Last week, Google released a blog of seven ethical principles to guide their work in artificial intelligence. The principles are:
- Be socially beneficial. This is essentially a social welfare test under which Google will move ahead with an AI project only when “the overall likely benefits substantially exceed the foreseeable risks and downsides.” Moreover, in certain cases, Google will make their technologies “available on a non-commercial basis.”
- Avoid creating or reinforcing unfair bias. This commits Google to conduct disparate impact analyses and to “seek to avoid unjust impacts on people, particularly those related to sensitive characteristics such as race, ethnicity, gender, nationality, income, sexual orientation, ability, and political or religious belief.”
- Be built and tested for safety. Google will use “strong safety and security practices to avoid unintended results that create risks of harm.” This includes in appropriate cases, continuing to “monitor their operation after deployment.”
- Be accountable to people.
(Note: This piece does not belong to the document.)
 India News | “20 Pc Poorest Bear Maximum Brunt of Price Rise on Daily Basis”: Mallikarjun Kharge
Google will provide “opportunities for feedback, relevant explanations, and appeal.” It will subject its AI technologies “to appropriate human direction and control.”
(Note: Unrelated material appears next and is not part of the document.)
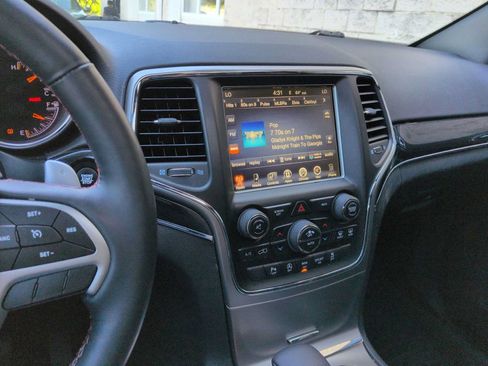 Used 2017 Jeep Grand Cherokee Trailhawk AWD/4WD image 30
- Incorporate privacy design principles. Google will embrace good privacy practices, including to “give opportunity for notice and consent, encourage architectures with privacy safeguards, and provide appropriate transparency and control over the use of data.”
- Uphold high standards of scientific excellence. Google will embrace the traditional scientific standards of “open inquiry, intellectual rigor, integrity, and collaboration.” It “will responsibly share AI knowledge by publishing educational materials, best practices, and research that enable more people to develop useful AI applications.”
- Be made available for uses that accord with these principles. Google will seek to limit harmful applications of its technologies and assess likely harm, in particular by assessing whether the primary purpose and likely use of an AI technology is related to or adaptable to a harmful use.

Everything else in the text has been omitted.